Depuis leur arrivée au pouvoir, les autorités de l'Alliance des États du Sahel (AES) ont fait de la souveraineté leur principal argument politique. Après le retrait de la CEDEAO, celui de la Cour pénale internationale s'inscrit dans cette même logique : celle d'une remise en cause des mécanismes internationaux accusés d'ingérence et de partialité.
Il est vrai que la CPI a longtemps été critiquée pour la place prépondérante des dossiers africains dans son activité. Pendant plusieurs années, la quasi-totalité de ses enquêtes concernait le continent africain, alimentant les accusations de justice à deux vitesses. Toutefois, cette réalité a progressivement évolué. La Cour mène désormais des enquêtes en Europe, en Asie et dans d'autres régions du monde, démontrant une extension de son champ d'action.
Les critiques formulées par les trois États sahéliens interviennent dans un contexte marqué par la multiplication des violences armées, des opérations antiterroristes et des allégations de violations graves des droits humains. Pour de nombreux observateurs, le retrait de la CPI ne constitue pas seulement un choix diplomatique ; il réduit également les possibilités de poursuites internationales contre les auteurs de crimes de guerre, de crimes contre l'humanité ou de génocide lorsque les juridictions nationales ne sont pas en mesure d'agir.
Sur le plan juridique, le retrait ne produit pas d'effet immédiat. Conformément au Statut de Rome, il ne devient effectif qu'un an après sa notification. Les enquêtes déjà ouvertes, notamment celle concernant le Mali, se poursuivront. En revanche, une fois le retrait effectif, la CPI ne pourra plus exercer sa compétence sur les crimes commis postérieurement, sauf dans des circonstances exceptionnelles prévues par le droit international.
La véritable préoccupation demeure celle des victimes. Dans une région confrontée aux attaques terroristes, aux déplacements forcés et aux exactions commises par différents acteurs, la fermeture de cette voie de recours internationale risque de renforcer le sentiment d'impunité. La justice nationale devra alors démontrer sa capacité à enquêter avec indépendance, à poursuivre les responsables et à garantir les droits des victimes, faute de quoi celles-ci pourraient se retrouver privées de toute perspective de justice.

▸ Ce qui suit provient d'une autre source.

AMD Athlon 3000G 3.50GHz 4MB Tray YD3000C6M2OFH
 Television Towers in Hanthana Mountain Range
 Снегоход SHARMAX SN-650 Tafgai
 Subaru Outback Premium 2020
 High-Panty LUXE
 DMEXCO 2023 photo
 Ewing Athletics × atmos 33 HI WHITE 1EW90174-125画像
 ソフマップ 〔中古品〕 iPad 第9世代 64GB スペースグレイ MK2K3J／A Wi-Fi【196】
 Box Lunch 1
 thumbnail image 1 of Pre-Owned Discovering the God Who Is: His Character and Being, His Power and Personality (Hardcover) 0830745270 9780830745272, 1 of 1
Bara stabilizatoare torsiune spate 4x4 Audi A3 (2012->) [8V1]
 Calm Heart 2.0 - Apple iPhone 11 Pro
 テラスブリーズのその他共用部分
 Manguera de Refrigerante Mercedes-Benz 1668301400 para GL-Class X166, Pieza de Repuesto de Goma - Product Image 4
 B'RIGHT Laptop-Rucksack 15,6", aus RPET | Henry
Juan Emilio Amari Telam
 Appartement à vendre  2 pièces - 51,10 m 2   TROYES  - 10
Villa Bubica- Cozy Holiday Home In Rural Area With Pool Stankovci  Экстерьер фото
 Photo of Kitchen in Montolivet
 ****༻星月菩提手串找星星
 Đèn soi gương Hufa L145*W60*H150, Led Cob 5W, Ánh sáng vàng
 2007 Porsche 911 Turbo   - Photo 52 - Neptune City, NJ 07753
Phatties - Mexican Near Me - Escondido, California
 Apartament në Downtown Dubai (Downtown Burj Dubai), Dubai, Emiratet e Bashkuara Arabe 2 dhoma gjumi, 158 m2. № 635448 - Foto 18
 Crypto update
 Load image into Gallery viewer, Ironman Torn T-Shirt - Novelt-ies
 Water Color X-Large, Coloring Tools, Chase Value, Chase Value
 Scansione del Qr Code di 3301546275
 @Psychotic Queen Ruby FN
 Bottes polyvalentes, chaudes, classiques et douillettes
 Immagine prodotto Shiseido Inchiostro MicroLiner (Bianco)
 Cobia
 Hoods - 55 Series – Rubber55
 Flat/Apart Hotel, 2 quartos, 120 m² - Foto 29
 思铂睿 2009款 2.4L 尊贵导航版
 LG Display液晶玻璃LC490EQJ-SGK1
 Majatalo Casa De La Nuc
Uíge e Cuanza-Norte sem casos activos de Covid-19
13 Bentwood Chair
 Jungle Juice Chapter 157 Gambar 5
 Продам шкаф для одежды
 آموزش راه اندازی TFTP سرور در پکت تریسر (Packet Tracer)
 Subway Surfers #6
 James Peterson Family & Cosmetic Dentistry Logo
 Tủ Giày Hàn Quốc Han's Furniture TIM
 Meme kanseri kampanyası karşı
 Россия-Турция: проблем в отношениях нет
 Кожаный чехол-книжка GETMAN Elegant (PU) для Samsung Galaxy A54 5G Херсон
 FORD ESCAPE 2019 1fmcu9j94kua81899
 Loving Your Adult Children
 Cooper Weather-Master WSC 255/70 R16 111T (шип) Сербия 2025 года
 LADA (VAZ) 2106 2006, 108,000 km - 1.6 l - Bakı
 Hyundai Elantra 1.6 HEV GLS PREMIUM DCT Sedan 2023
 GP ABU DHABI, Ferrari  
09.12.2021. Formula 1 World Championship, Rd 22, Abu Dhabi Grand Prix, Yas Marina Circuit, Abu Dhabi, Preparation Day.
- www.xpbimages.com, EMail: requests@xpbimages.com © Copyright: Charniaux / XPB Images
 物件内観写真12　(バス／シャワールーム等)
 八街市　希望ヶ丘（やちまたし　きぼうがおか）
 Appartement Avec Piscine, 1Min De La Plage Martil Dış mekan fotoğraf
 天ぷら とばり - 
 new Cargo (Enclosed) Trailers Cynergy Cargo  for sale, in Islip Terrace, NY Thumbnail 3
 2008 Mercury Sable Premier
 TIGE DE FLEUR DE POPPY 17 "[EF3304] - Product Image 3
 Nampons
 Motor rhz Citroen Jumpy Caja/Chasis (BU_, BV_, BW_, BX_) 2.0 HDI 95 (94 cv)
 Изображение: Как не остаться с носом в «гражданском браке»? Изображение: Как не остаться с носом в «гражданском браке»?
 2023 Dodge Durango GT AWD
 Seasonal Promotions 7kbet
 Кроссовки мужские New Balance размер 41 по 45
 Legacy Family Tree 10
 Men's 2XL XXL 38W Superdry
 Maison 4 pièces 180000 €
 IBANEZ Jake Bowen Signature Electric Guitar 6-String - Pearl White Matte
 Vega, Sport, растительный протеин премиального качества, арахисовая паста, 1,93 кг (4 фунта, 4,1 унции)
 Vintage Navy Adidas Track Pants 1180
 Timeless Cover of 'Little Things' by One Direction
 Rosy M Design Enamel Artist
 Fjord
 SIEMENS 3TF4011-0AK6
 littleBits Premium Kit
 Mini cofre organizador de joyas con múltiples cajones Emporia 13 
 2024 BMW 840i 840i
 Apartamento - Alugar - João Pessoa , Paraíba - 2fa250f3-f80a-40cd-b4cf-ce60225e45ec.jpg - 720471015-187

Le retrait de la CPI est un choix politique qui traduit une volonté d'affirmation de la souveraineté des États de l'AES. Mais la souveraineté ne peut être pleinement crédible que lorsqu'elle s'accompagne d'une justice forte, indépendante et accessible. À défaut, le risque est grand que les victimes des crimes les plus graves deviennent les premières oubliées d'une décision présentée comme un acte de liberté, mais dont les conséquences pourraient durablement fragiliser la lutte contre l'impunité.